The tetrapeptide AcSDKP, an inhibitor of primitive hematopoietic cell proliferation, induces angiogenesis in vitro and in vivo.

The tetrapeptide acetyl-Ser-Asp-Lys-Pro (AcSDKP), purified from bone marrow and constitutively synthesized in vivo, belongs to the family of negative regulators of hematopoiesis. It protects the stem cell compartment from the toxicity of anticancer drugs and irradiation and consequently contributes to a reduction in marrow failure. This current work provides experimental evidence for another novel biologic function of AcSDKP. We report that AcSDKP is a mediator of angiogenesis, as measured by its ability to modulate endothelial cell function in vitro and angiogenesis in vivo. AcSDKP at nanomolar concentrations stimulates in vitro endothelial cell migration and differentiation into capillary-like structures on Matrigel as well as enhances the secretion of an active form of matrix metalloproteinase-1 (MMP-1).
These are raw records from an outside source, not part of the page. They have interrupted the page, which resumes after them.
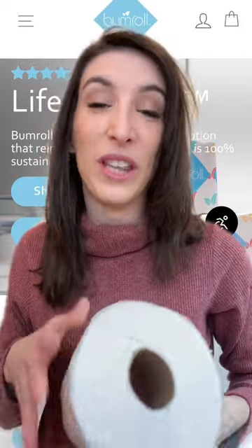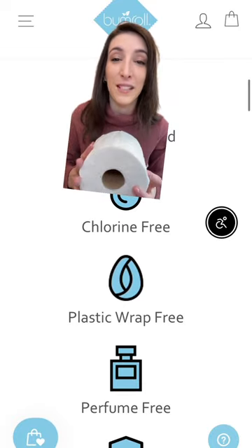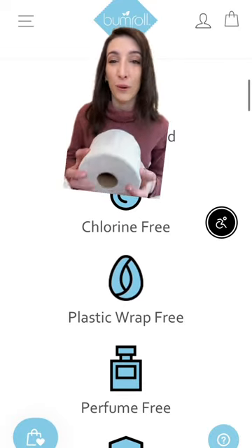Save the planet one roll at a time with eco-friendly Bumroll Toilet Paper Delivery. This biodegradable toilet paper contains no plastic wraps, no perfumes, and no chlorine.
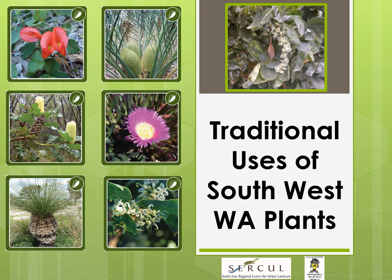Hi, my name is Natasha and I'm the Education and Promotion Manager at the South East Regional Centre for Urban Landcare, otherwise known as CIRCLE. Today I'm going to be talking to you about the traditional uses of some of the native plants of the South West of Western Australia. These will be just a very small sample of the many beautiful plants we have growing in this region and will highlight the ways in which they were and in many cases still are used by the traditional custodians of the land, the Noongar people.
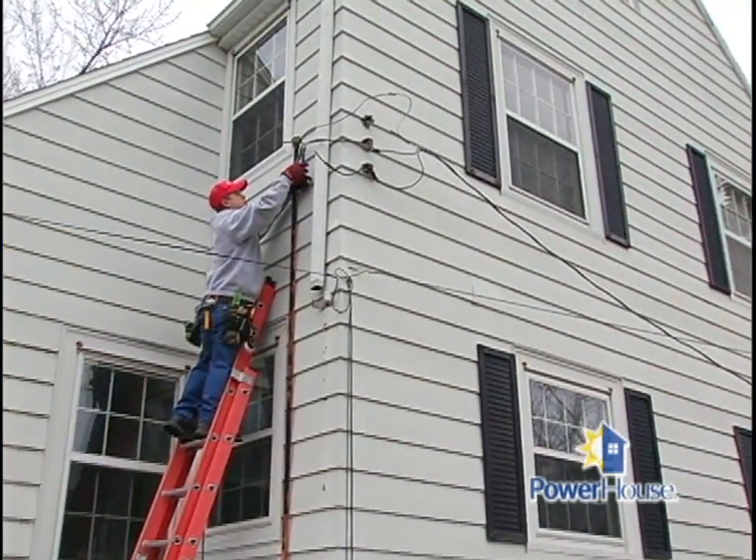Some houses in the area only have 120-volt systems running to them, and we're trying to get up to a 240-volt system. The easiest way to check is just a quick visual look on the outside — most 120-volt systems are going to have just two wires connecting to the power source, while 240-volt systems are going to have three.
In vivo, AcSDKP promotes a significant angiogenic response in the chicken embryo chorioallantoic membrane (CAM) and in the abdominal muscle of the rat. Moreover, it induces the formation of blood vessels in Matrigel plugs implanted subcutaneously in the rat. This is the first report demonstrating the ability of AcSDKP to interact directly with endothelial cells and to elicit an angiogenic response in vitro and in vivo.